Part 1 of this article considered some of the checks and balances that apply when seeking access to one of the law’s most potent weapons, including the tests the applicant must satisfy, and exceptions that are commonly included in the order made by the court (see ‘Freezing orders: policing the nuclear option (Pt 1)’, NLJ, 7 & 14 January 2022, p15).

Part 2 of this article goes on to look at the impact these checks and balances have when it comes to drafting and construing the terms of the order, as well as the extent to which the applicant may make use of information disclosed by the respondent. It concludes by considering the issue in the context of the three specific areas: insolvency, criminal proceedings and the rapidly developing area of cryptocurrency.

Bear traps when drafting

Given the draconian nature of freezing orders, the courts will take a strict approach to construing the terms of the order. This was confirmed by the Supreme Court in JSC BTA Bank v Ablyazov [2015] UKSC 64, [2015] All ER (D) 175 (Oct) when considering whether: (1) the proceeds of loan agreements; and (2) draw-down of those agreements fell within the meaning of ‘assets’ referenced in the order. The court acknowledged that it ‘must be agile in this game of cat and mouse between claimants and defendants to make sure that it is making new orders to meet new avoidance measures’. However, this did not justify an expansive interpretation of the order which had already been made in the case. As a result, the proceeds were held to be within scope, while the respondent’s right to draw down was not.

In Ablyazov, the court was dealing with the Commercial Court standard form of freezing order. This contains provision for wider wording (to be considered on a case-by-case basis) than the standard form annexed to PD 25A to include the respondent’s assets whether they are interested in them legally, beneficially or otherwise. In JSC BTA Bank v Kythreotis [2010] EWCA Civ 1436, [2010] All ER (D) 163 (Dec), the Court of Appeal confirmed that assets held by a respondent as a trustee or nominee for a third party would be included in this wording. While this offers potentially greater scope for an applicant, they should be mindful that, if seeking the inclusion of this wording (on the basis there are proper grounds for believing that assets ostensibly held by the respondent on trust or as a nominee for a third party in fact belong to the respondent), this may well result in an extension of the cross-undertaking in damages to cover any purported beneficiary for loss caused by an injunction which is subsequently varied or discharged in respect of, for example, trust assets—a point highlighted by the Court of Appeal in Kythreotis.

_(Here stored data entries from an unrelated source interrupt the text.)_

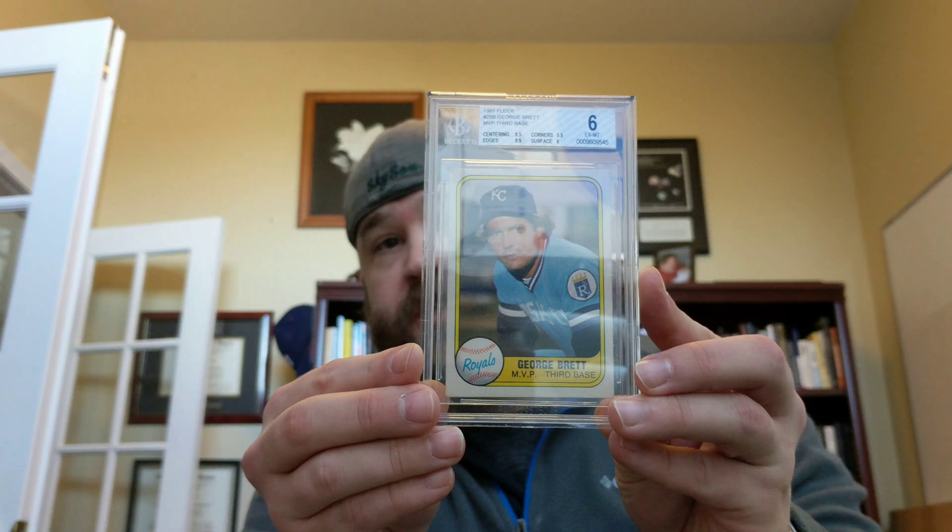Two new cards arrived in the mail and I was pretty excited about winning these auctions. I got a 1981 Fleer George Brett card, which is pretty exciting — George Brett MVP, third base on the front of the card. It's a 1981 card and I'm pretty happy with it.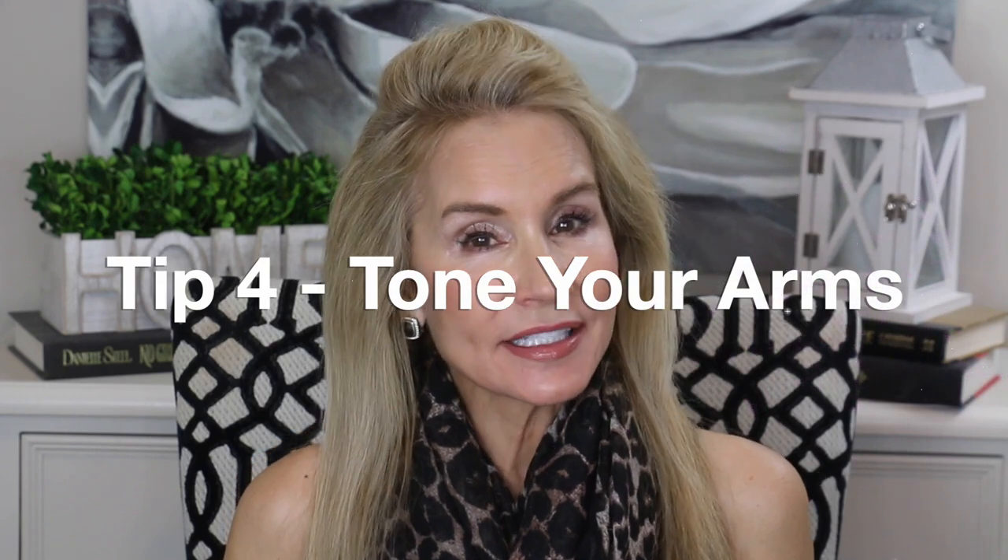Summer beauty tip number four is to tone up your arms. This takes a little more effort and thinking ahead. I'm really happy this year because I've been consistently doing weight training for about the past year and a half, so I didn't have to scramble at the last moment to get my arms in shape before summer. Since I was working out consistently all year, I didn't have to do anything extra.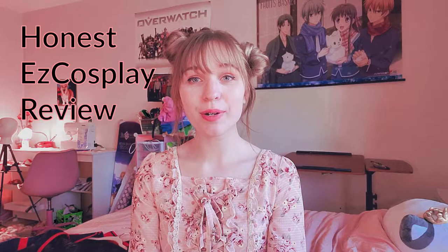Hey guys, it's Kali. I'm going to be doing a review of Easy Cosplay today since I have ordered from them quite a few times and I have quite a bit to say. So anyways, let's get started.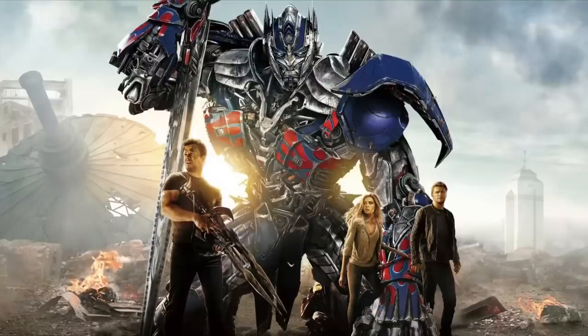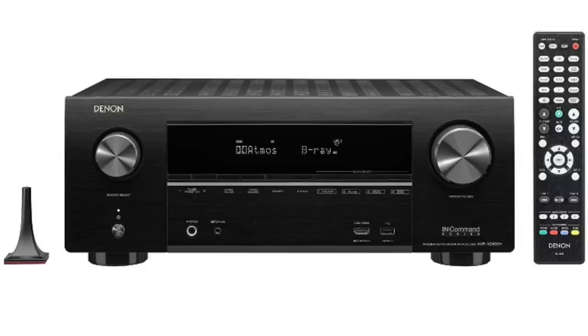Dolby Atmos started back in 2012, and it took them two years to get to home theaters. In June of 2014, they really started pushing Atmos, and the first Blu-ray with Dolby Atmos was Transformers: Age of Extinction. With that, we had Atmos in our homes, and all the major receivers — Denon, Marantz, Pioneer, Onkyo, Sony — they all started building receivers that could pass the Dolby Atmos audio through to your home theater. Now if you buy a new 4K audio receiver, you will most likely get Atmos.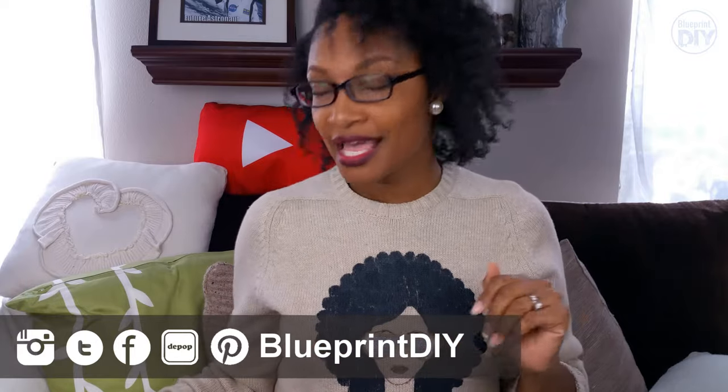Hi everyone, welcome back to Blueprint DIY, Angelina here. Today I have a very special video — I'm collaborating with a company called Firmoo. If you've been watching my videos you know this is not my first time working with them; I received a pair of sunglasses from them back in April. I got the opportunity to work with them again and I'm so thankful because I desperately needed new glasses. My current pair are at least five years old — a pair of Coach glasses I paid a lot for — that are really loose, scratched, and fading on the side.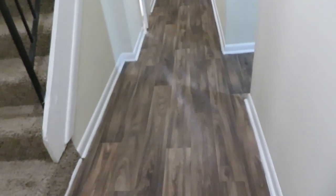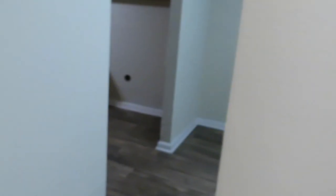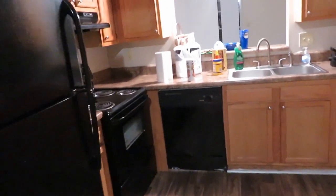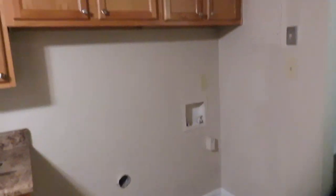Steps, entryway. Alright, so we're walking to the right. This is the dining room. Across from the dining room is the kitchen. There's the fridge, stove, dishwasher, cabinets. This is gonna be a washer and dryer hookup, which they're coming on Monday.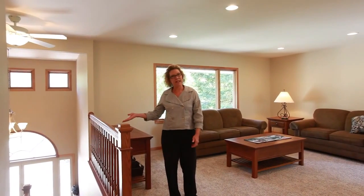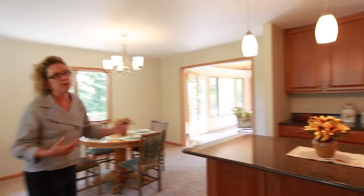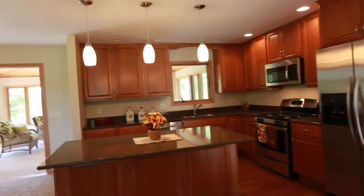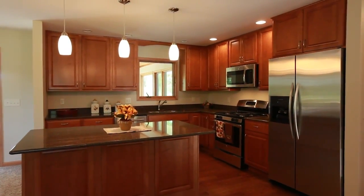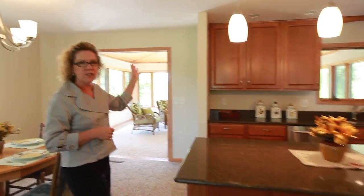We're standing in the living room which is right at the top of the stairs. There is a beautiful dining room, living room, and we have a fully remodeled kitchen with quartz countertops, stained maple cabinets, stainless steel appliances, new lighting, and the ceiling has all been redone.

Meanwhile, the strict approach to construction means that the applicant must be astute with their drafting to ensure that the order operates as intended. In Haederle v Thomas [2016] EWHC 1866 (Ch), [2016] All ER (D) 137 (Jul), an uncorrected error in a worldwide freezing order substantially invalidated committal proceedings. The order had been intended to permit the respondent to deal with their non-English assets, provided that the total unencumbered value of all their assets, wherever situated, exceeded £560,000. However, that figure was omitted when the order was sealed, and the error went unnoticed at the return date. The respondent argued that, read literally, the order left them free to dispose of their non-English assets and that, further, when construed as a whole, the order was unclear in a critical respect.

The court held that an injunction, especially one to be enforced by committal, had to be clear and precise. There was no escape from concluding that the order was materially unclear and uncertain. Accordingly, however undeserving the respondent’s conduct might seem, they should not be at risk of imprisonment or a fine in respect of dealings with their non-English assets.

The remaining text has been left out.